La elección del nuevo fiscal general está a la vuelta de la esquina. Podría darse el lunes, aunque la fecha no es definitiva. Los magistrados votarán cuando estimen propicio el momento y no han mostrado sentido de urgencia porque la plaza en propiedad está vacante desde hace un año. La ocupa como interino el fiscal Warner Molina, uno de los aspirantes al cargo.
La elección de Emilia Navas Aparicio, jefa del Ministerio Público hasta mediados del año pasado, no satisfizo las expectativas, pero dejó un valioso precedente de transparencia cuya preservación es de enorme relevancia para la Corte Suprema de Justicia y la institucionalidad del país. La exfiscala fue elegida mediante votación pública de los magistrados.
Carlos Chinchilla Sandí, presidente de la Corte en aquel momento, elogió la decisión de votar públicamente para dejar constancia de un proceso donde “no hay nada oculto”. Nada debe haber oculto en esta oportunidad y no hay mejor razón para consolidar la práctica de elegir a tan alto funcionario de cara a la ciudadanía.
La escogencia del fiscal general es una decisión de gran trascendencia. Al jefe del Ministerio Público le corresponde diseñar la política de persecución criminal y adjudicar los recursos para desarrollarla según las circunstancias. También tiene graves responsabilidades en el esclarecimiento de asuntos penales relacionados con la más alta jerarquía de los poderes públicos.
Precisamente, una de las razones esgrimidas por los defensores de la elección secreta es la posibilidad de represalias contra magistrados con causas pendientes en la Fiscalía. En el ejercicio de sus cargos, los altos jueces están expuestos a ser denunciados, en ocasiones sin fundamento, y varios figuran como investigados en la actualidad.
El mismo razonamiento han hecho algunos diputados para pretender el secreto de los nombramientos encargados al Congreso por la Constitución Política. En ningún caso es de recibo el argumento.
Hay medios para apartar a un funcionario de un caso cuando su objetividad esté comprometida o haya apariencia de conflicto de intereses. Por otra parte, la potestad de nombramiento conferida a magistrados y diputados debe ser ejercida sin consideración de los intereses propios. Existe, además, el principio de publicidad y rendición de cuentas propio del sistema democrático y la Corte Suprema de Justicia debe ser la primera en transparentar sus decisiones.
La situación se había planteado cuando la Corte Plena se aprestaba para elegir a Emilia Navas. Antes de la votación, analizaron dos recursos planteados por sindicatos del Poder Judicial para exigir la abstención de los magistrados titulares porque contra ellos pesaban acusaciones. Tratándose de una elección y no de un asunto propio de la función jurisdiccional, los magistrados no encontraron razón para abstenerse. Por el contrario, la trascendencia del nombramiento hacía deseable la participación de los titulares, explicó Chinchilla, quien intentó excusarse de votar pero no pudo porque sus compañeros rechazaron la gestión.

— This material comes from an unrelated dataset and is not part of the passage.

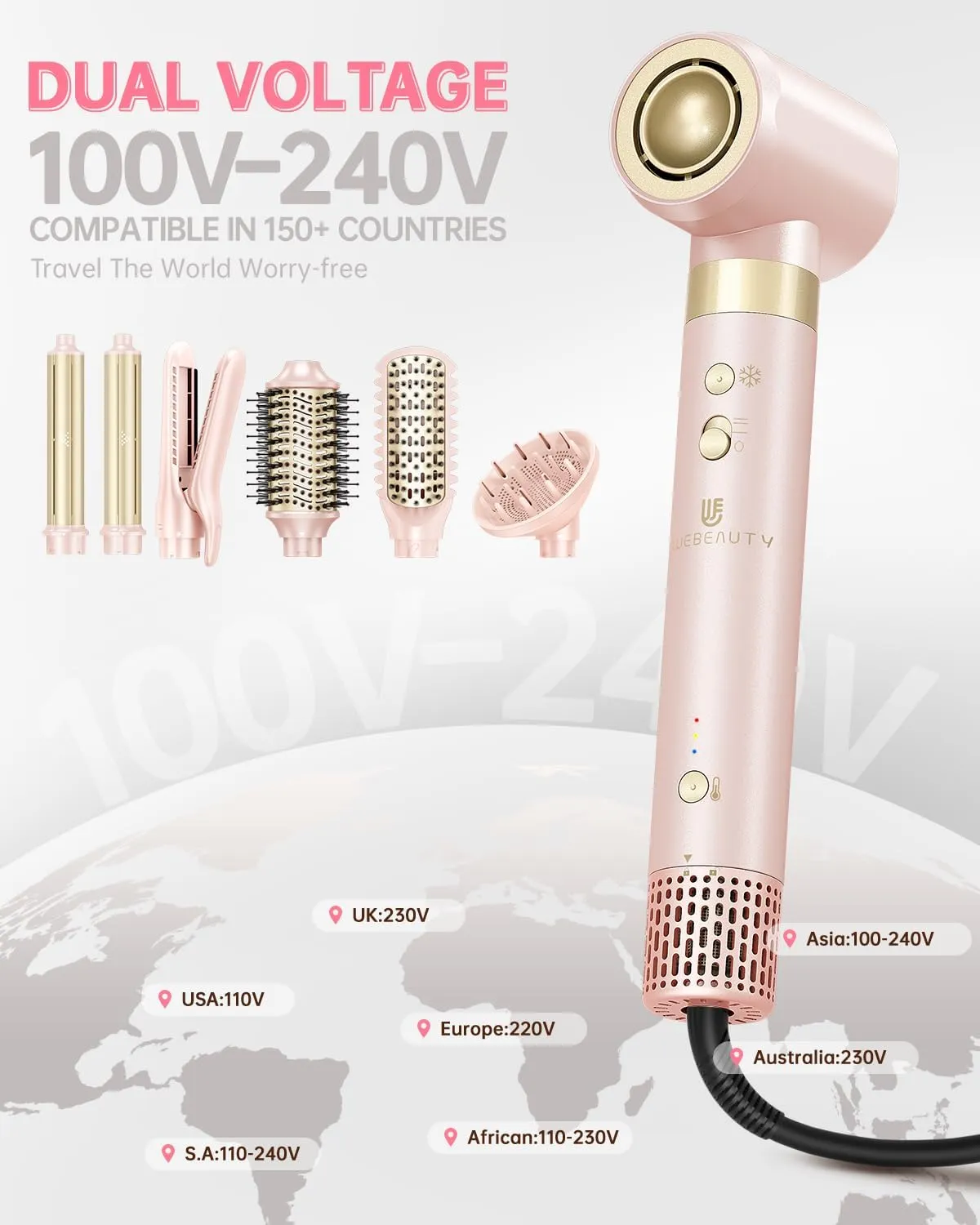 Hair Dryer Brush 8-in-1 Dual Voltage Hot Air Styler results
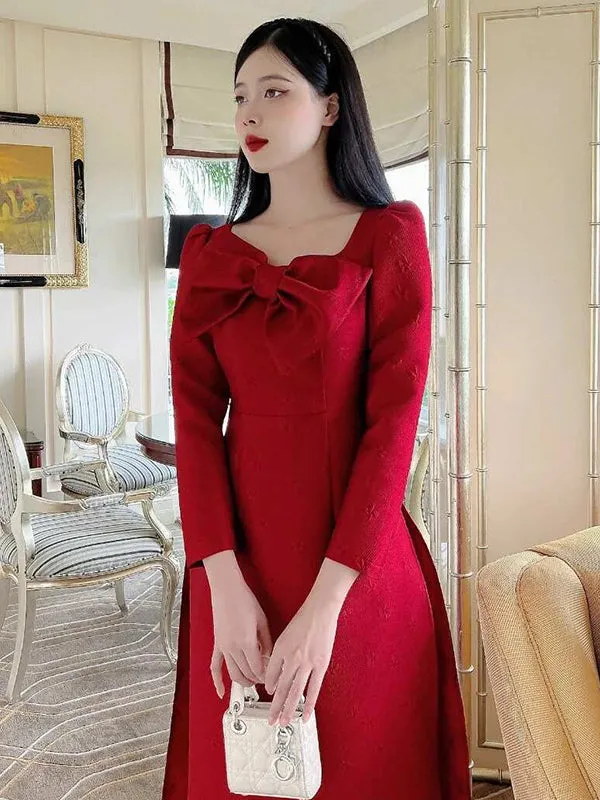 Ao Dai Vietnam Red Modern Ao Dai Dress Includes One Ao Dai Top And Pants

Con esos antecedentes, es difícil imaginar un cambio de rumbo para la próxima elección. La Corte Plena hizo lo correcto cuando eligió a Navas sin secretismo. Hacer lo contrario en esta oportunidad no tendría explicación.
En esas circunstancias, la erosión de la confianza se magnifica. En ningún lugar es más grave la desconfianza que en el Poder Judicial. Los magistrados deben tenerlo presente cuando decidan el modo de selección del próximo fiscal general, especialmente después de los traspiés sufridos por la Corte en tiempos recientes.